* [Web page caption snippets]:
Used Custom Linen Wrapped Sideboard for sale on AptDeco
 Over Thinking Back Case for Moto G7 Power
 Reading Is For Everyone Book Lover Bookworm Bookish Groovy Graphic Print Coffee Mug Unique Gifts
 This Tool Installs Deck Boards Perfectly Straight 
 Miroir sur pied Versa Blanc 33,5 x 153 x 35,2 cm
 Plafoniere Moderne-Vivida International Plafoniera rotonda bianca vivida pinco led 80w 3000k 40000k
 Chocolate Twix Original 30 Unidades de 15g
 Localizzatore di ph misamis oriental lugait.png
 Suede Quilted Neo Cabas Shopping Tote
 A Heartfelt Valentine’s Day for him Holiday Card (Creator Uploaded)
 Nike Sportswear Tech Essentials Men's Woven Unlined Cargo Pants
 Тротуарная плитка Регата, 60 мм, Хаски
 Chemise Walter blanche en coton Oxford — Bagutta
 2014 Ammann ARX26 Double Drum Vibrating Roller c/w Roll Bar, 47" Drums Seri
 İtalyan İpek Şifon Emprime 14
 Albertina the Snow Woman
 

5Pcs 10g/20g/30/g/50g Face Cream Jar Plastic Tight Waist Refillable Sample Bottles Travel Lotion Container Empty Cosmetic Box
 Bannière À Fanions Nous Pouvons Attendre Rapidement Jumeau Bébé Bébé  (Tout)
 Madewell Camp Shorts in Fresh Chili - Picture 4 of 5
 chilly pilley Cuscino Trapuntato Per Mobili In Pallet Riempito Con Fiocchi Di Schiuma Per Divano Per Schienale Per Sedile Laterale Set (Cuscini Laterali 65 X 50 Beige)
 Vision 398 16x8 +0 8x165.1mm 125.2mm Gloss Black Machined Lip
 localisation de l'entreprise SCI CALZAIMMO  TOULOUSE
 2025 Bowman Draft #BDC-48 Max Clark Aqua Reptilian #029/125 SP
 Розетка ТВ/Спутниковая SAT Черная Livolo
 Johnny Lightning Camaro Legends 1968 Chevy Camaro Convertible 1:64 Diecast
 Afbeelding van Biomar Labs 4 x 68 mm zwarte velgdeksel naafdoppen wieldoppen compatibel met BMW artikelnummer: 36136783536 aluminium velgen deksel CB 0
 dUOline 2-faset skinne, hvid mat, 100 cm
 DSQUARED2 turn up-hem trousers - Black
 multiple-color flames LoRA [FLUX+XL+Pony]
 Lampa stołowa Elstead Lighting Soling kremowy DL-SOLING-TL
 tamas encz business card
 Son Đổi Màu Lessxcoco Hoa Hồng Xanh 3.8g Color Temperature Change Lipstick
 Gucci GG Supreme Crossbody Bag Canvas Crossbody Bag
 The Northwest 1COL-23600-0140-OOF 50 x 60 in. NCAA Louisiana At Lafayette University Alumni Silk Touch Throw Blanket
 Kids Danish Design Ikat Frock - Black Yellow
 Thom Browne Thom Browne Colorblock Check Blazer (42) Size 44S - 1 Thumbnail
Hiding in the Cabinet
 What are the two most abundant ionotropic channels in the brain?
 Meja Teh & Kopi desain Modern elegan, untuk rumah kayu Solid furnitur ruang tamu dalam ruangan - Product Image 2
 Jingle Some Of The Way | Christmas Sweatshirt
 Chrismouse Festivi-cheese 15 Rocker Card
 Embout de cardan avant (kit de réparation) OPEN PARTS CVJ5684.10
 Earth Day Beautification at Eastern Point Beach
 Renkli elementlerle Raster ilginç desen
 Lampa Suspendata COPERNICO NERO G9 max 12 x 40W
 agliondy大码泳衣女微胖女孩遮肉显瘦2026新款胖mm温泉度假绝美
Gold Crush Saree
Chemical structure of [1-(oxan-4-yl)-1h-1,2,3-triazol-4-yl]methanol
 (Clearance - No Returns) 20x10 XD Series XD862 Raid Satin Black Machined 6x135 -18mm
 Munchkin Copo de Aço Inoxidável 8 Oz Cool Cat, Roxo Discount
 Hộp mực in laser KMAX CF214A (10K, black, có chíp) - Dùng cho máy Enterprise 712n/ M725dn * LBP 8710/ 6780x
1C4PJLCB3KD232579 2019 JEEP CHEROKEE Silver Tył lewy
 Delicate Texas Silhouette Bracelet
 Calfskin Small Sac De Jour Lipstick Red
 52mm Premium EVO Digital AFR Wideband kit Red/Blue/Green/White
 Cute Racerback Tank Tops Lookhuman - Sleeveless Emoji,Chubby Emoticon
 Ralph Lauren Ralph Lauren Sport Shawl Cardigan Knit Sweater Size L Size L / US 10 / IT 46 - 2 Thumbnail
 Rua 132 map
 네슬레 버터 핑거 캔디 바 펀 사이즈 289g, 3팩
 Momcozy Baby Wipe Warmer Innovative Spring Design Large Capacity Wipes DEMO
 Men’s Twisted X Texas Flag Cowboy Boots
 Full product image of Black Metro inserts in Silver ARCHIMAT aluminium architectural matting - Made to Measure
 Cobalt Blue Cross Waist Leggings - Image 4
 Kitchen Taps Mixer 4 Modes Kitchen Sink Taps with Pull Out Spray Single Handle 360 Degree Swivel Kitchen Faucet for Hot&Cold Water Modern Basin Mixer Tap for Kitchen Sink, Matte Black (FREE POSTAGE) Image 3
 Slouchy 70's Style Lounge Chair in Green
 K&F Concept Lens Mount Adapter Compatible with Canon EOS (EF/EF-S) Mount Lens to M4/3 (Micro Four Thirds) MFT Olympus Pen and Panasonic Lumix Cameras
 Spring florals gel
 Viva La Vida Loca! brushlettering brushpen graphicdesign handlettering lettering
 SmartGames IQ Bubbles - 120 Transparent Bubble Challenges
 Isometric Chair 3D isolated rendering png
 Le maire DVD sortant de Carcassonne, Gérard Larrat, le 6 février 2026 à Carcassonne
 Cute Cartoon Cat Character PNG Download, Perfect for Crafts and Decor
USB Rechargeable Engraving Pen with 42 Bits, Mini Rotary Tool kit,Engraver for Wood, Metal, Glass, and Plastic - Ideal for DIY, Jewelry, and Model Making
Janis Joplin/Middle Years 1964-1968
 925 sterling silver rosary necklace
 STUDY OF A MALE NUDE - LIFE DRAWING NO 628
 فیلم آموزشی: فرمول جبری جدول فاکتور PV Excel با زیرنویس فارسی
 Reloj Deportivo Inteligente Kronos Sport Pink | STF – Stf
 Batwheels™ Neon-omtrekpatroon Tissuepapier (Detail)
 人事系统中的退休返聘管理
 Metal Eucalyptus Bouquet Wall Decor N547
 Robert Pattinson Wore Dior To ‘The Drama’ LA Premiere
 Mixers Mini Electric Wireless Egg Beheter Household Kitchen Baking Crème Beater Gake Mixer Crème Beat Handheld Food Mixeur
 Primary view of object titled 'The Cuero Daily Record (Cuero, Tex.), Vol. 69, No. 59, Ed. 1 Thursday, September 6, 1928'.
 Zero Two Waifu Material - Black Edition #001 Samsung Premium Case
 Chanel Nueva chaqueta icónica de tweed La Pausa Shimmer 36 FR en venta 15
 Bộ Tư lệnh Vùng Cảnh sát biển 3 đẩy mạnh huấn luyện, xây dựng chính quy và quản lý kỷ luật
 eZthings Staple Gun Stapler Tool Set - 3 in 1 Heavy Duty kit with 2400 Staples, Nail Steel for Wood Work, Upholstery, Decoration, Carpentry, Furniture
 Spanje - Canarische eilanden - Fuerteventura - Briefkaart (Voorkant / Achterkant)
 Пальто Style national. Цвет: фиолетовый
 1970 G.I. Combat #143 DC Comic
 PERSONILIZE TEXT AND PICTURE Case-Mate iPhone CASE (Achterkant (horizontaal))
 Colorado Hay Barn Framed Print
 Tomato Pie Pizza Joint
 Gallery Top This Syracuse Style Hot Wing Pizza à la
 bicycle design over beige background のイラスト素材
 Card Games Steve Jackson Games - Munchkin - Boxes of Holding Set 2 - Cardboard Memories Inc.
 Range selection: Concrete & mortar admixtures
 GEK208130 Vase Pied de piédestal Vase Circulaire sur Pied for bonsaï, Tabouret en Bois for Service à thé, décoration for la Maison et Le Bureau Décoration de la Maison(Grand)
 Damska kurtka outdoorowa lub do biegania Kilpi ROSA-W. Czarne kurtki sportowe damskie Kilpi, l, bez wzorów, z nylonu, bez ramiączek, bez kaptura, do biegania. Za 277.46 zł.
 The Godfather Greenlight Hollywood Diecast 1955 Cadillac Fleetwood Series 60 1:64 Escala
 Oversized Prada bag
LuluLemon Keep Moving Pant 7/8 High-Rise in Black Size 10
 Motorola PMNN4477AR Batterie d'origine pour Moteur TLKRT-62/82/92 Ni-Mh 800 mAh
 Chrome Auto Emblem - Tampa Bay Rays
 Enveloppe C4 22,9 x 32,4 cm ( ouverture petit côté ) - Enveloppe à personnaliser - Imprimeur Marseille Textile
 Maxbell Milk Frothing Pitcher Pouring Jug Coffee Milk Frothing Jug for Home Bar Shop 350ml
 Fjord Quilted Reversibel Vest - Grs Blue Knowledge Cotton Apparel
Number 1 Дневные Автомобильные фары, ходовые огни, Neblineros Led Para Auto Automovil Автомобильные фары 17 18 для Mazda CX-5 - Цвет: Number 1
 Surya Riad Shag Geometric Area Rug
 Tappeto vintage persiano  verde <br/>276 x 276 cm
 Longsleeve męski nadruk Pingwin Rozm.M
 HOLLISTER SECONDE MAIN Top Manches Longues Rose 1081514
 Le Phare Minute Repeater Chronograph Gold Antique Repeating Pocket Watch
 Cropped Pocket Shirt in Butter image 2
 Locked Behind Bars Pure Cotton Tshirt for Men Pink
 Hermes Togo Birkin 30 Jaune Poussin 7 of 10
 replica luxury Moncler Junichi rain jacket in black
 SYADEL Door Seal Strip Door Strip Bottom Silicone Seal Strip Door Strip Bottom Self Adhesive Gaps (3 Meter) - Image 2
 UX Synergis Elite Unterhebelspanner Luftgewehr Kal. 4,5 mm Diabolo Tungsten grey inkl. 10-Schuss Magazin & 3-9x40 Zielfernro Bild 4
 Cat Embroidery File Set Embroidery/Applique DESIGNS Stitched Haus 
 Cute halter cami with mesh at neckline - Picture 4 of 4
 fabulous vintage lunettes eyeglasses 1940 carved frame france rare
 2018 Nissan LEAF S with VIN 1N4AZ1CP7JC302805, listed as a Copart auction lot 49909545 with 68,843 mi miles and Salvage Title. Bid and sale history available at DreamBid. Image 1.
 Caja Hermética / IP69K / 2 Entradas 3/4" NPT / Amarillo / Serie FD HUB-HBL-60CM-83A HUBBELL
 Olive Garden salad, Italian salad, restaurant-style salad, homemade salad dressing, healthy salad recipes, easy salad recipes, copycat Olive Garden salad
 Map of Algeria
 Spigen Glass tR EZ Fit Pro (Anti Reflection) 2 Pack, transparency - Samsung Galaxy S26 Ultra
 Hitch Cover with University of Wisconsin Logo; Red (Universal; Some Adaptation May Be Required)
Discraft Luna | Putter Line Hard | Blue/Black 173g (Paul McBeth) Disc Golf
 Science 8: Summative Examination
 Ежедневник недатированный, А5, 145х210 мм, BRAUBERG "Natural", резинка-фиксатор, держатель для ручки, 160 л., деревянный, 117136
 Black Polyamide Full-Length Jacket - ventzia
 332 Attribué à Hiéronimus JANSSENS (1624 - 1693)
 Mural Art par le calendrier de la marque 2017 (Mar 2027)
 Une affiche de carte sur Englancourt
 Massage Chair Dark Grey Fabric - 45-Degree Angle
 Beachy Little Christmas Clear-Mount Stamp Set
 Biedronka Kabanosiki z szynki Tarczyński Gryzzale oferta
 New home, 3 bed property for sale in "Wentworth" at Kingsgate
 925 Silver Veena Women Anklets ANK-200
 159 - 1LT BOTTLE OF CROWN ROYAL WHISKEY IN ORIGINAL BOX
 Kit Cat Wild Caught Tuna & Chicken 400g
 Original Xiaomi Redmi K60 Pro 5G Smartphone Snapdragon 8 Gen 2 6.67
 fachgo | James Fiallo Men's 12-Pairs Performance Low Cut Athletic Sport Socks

* [Work required]: Transcribe, exactly and without additions, the lines of the records above, beginning with the line that contains "SmartGames IQ Bubbles" and ending with the line that contains "人事系统中的退休返聘管理", both included.

* [Response area]:
 SmartGames IQ Bubbles - 120 Transparent Bubble Challenges
 Isometric Chair 3D isolated rendering png
 Le maire DVD sortant de Carcassonne, Gérard Larrat, le 6 février 2026 à Carcassonne
 Cute Cartoon Cat Character PNG Download, Perfect for Crafts and Decor
USB Rechargeable Engraving Pen with 42 Bits, Mini Rotary Tool kit,Engraver for Wood, Metal, Glass, and Plastic - Ideal for DIY, Jewelry, and Model Making
Janis Joplin/Middle Years 1964-1968
 925 sterling silver rosary necklace
 STUDY OF A MALE NUDE - LIFE DRAWING NO 628
 فیلم آموزشی: فرمول جبری جدول فاکتور PV Excel با زیرنویس فارسی
 Reloj Deportivo Inteligente Kronos Sport Pink | STF – Stf
 Batwheels™ Neon-omtrekpatroon Tissuepapier (Detail)
 人事系统中的退休返聘管理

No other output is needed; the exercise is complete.